Primary pigmented nodular adrenal disease (PPNAD) is a form of bilateral adrenocortical hyperplasia characterised by small to normal sized adrenal glands containing multiple small cortical pigmented nodules1. It may occur independently, but 90% of cases are a manifestation of the Carney complex. Most cases of PPNAD are diagnosed before age 30, and are the result of a germline mutation in PRKAR1A or PDE11A, leading to upregulation of cAMP signalling. It is a cause of ACTH-independent Cushings syndrome. The cause of the black/brown pigmentation in PPNAD has not been definitively established, although some authors have ascribed it to lipofuscin, a product of lysosomal breakdown.

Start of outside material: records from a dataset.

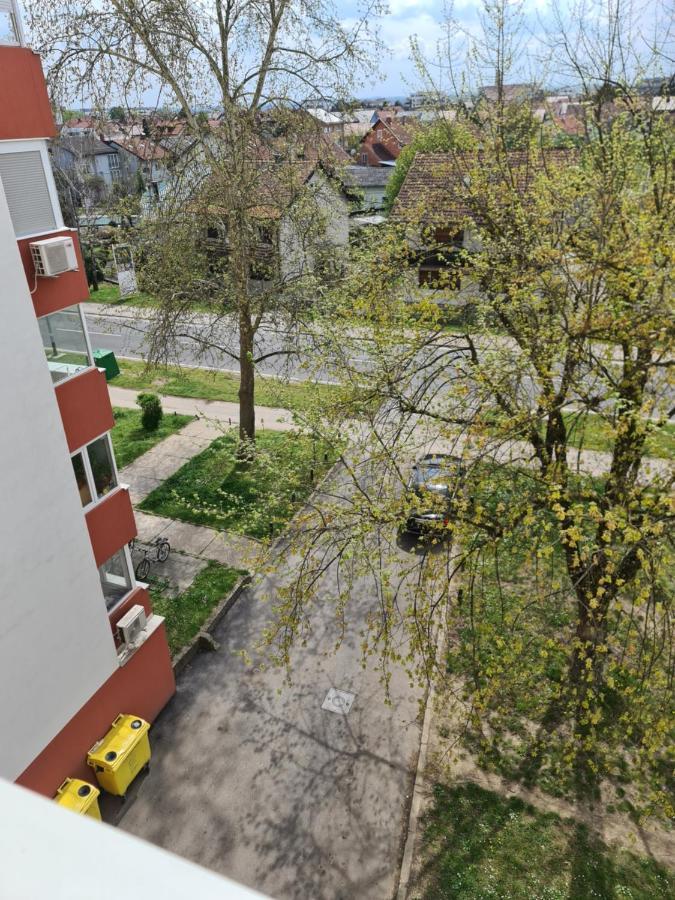Apartman U Velikoj Gorici Zeljko Velika Gorica Exteriér fotografie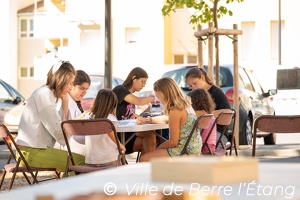 Jouons sous les pins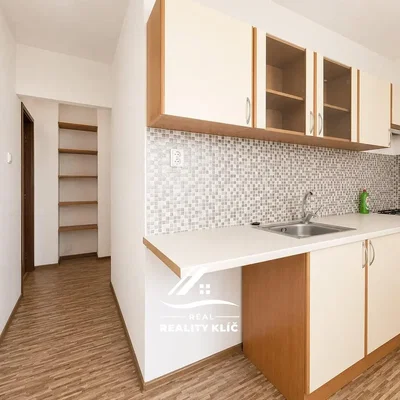 Cocina; electrodomésticos, suelo de baldosas, necesita renovación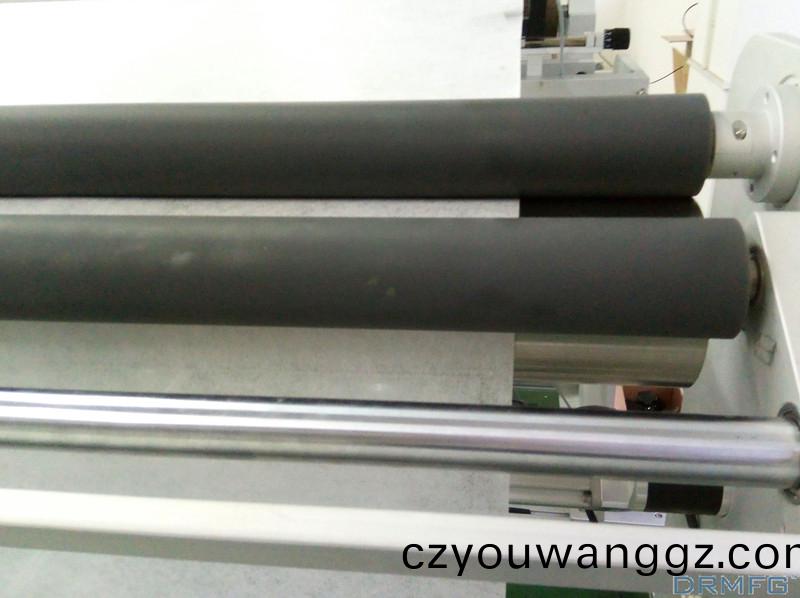 得人精密(mi)滾(gun)筩(tong)、電(dian)極(ji)闆、激光(guang)設(she)備(bei)零件，陶瓷(ci)壓輪(lun)、深(shen)圳分(fen)切(qie)刀、定(ding)製(zhi)極耳(er)切刀、不(bu)鏽(xiu)鋼(gang)包膠滾筩(tong)等(deng)覈(he)心(xin)精密配件(jian)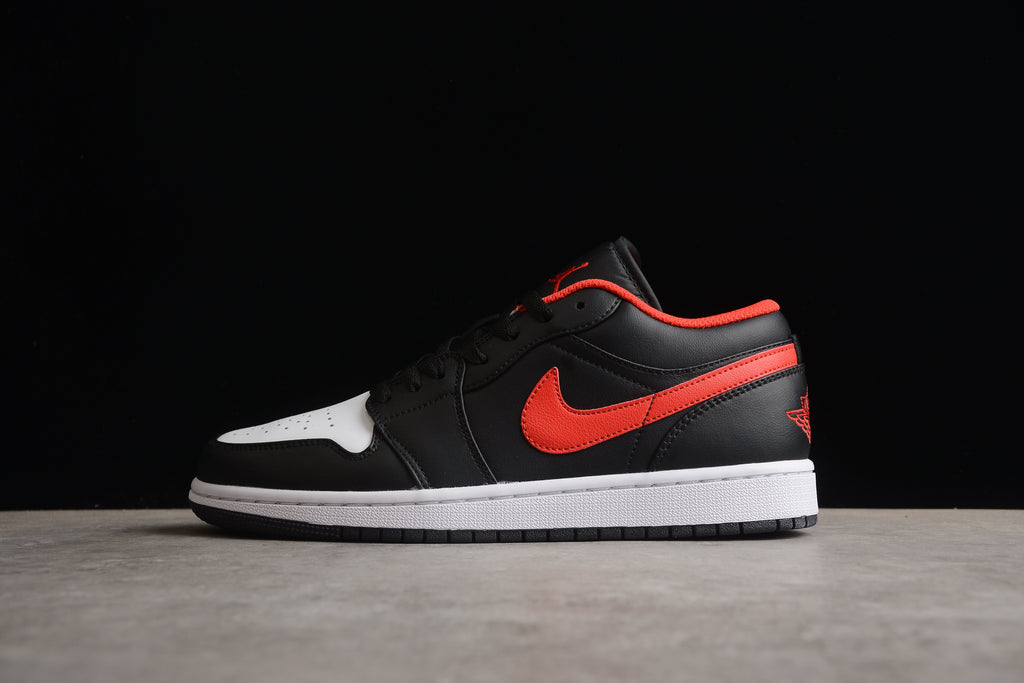 Jordan 1 Low – Negro / Rojo / Blanco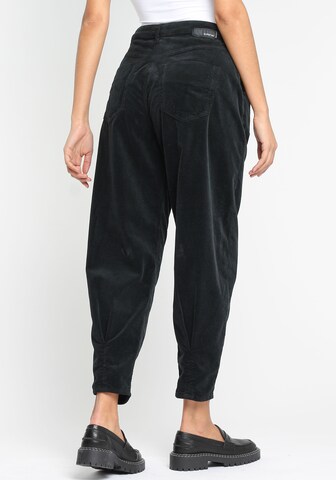 Gang Tapered Pleat-Front Pants 'Silvia' in Black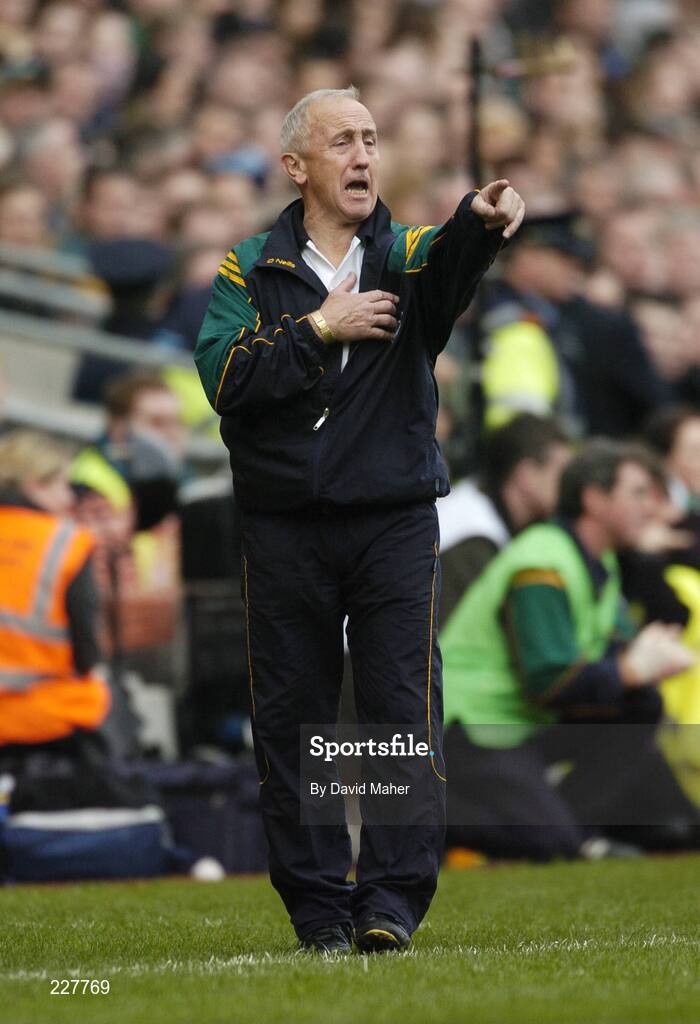 5 November 2006; Ireland manager Sean Boylan during the game. Coca-Cola International Rules Series 2006, Second Test, Ireland v Australia, Croke Park, Dublin. Picture credit: David Maher / SPORTSFILE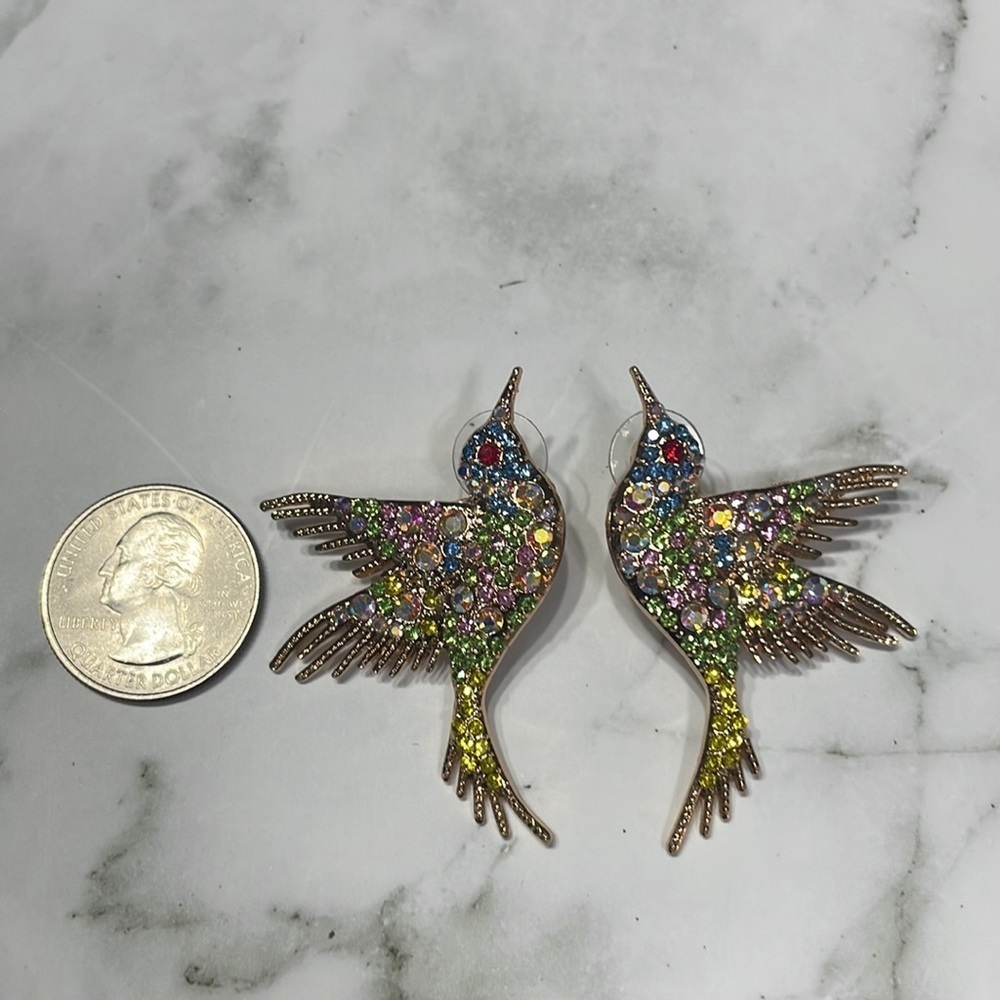 Elegant Bird Crystal Stud Earrings - Picture 9 of 11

Paraffin-embedded bilateral adrenalectomy specimens from five paediatric patients with PPNAD were subjected to a series of histological and immunohistochemical staining techniques. Haematoxylin and eosin staining revealed intracellular deposits of a brown pigment that was removed by permanganate bleaching. The pigment was negative on Ziehl-Neelsen staining, and strongly positive with the PERLS and Masson-Fontana stains. Immunohistochemistry showed strong staining within the nodules for the melanosome marker HMB-45. These findings identify the pigment as melanin. The adrenal nodules in all five cases immunostained strongly positive for the melanocortin-1 receptor (MC1R), and for 11β-hydroxylase, the final enzyme in the steroidogenic pathway leading to cortisol production.
We suggest that the autonomously activated cAMP signaling pathway associated with PPNAD leads to upregulation of the MC1R, induction of steroidogenic enzymes, and generation of melanin within melanosomes. We hypothesise that the mechanism for hyperpigmentation in Carney complex skin lesions has a similar aetiology.
Reference: 1. Horvath, A. & Stratakis, C. A. Primary pigmented nodular adrenocortical disease and Cushings syndrome. Arq Bras Endocrinol Metabol 51, 12381244 (2007).